Chun-Kai Wang, Paul Hsu, Ming-Wei Chang, and Emre Kıcıman
4 January 2013
Almost all of the existing work on Named Entity Recognition (NER) consists of the following pipeline stages – part-of-speech tagging, segmentation, and named entity type classification. The requirement of hand-labeled training data on these stages makes it very expensive to extend to different domains and entity classes. Even with a large amount of hand-labeled data, existing techniques for NER on informal text, such as social media, perform poorly due to a lack of reliable capitalization, irregular sentence structure and a wide range of vocabulary.

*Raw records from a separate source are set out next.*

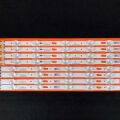 TV LED BAR -2027 TAKIM 8 Lİ-UE43JU6070-UE43KU6000-UE43KU7000U-UE43MU7000U-C379-E138-WİNKEL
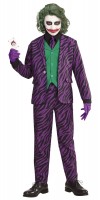 Widok: Złoczyńca Joker - kostium dla chłopca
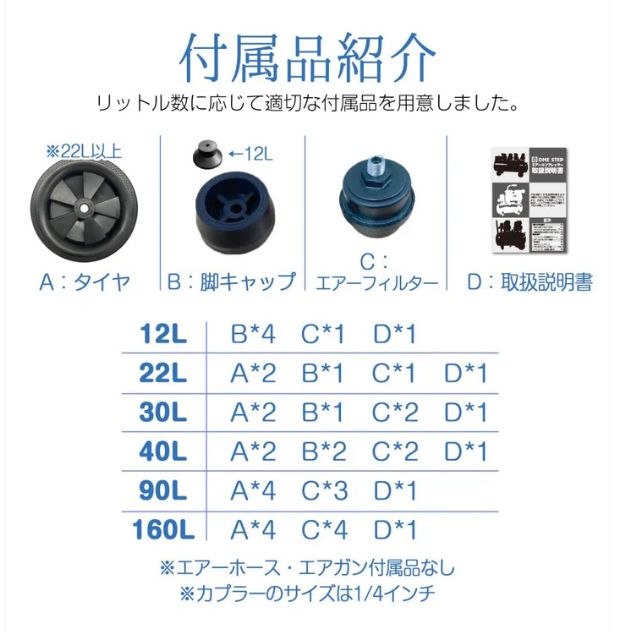 エアーコンプレッサー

In this paper, we address the lack of hand-labeled training data by taking advantage of weak super vision signals. We present our approach in two parts. First, we propose a novel generative model that combines the ideas from Hidden Markov Model (HMM) and n-gram language models into what we call an N-gram Language Markov Model (NLMM). Second, we utilize large-scale weak supervision signals from sources such as Wikipedia titles and the corresponding click counts to estimate parameters in NLMM. Our model is simple and can be implemented without the use of Expectation Maximization or other expensive iterative training techniques. Even with this simple model, our approach to NER on informal text outperforms existing systems trained on formal English and matches state-of-the-art NER systems trained on hand-labeled Twitter messages. Because our model does not require hand-labeled data, we can adapt our system to other domains and named entity classes very easily. We demonstrate the flexibility of our approach by successfully applying it to the different domain of extracting food dishes from restaurant reviews with very little extra work.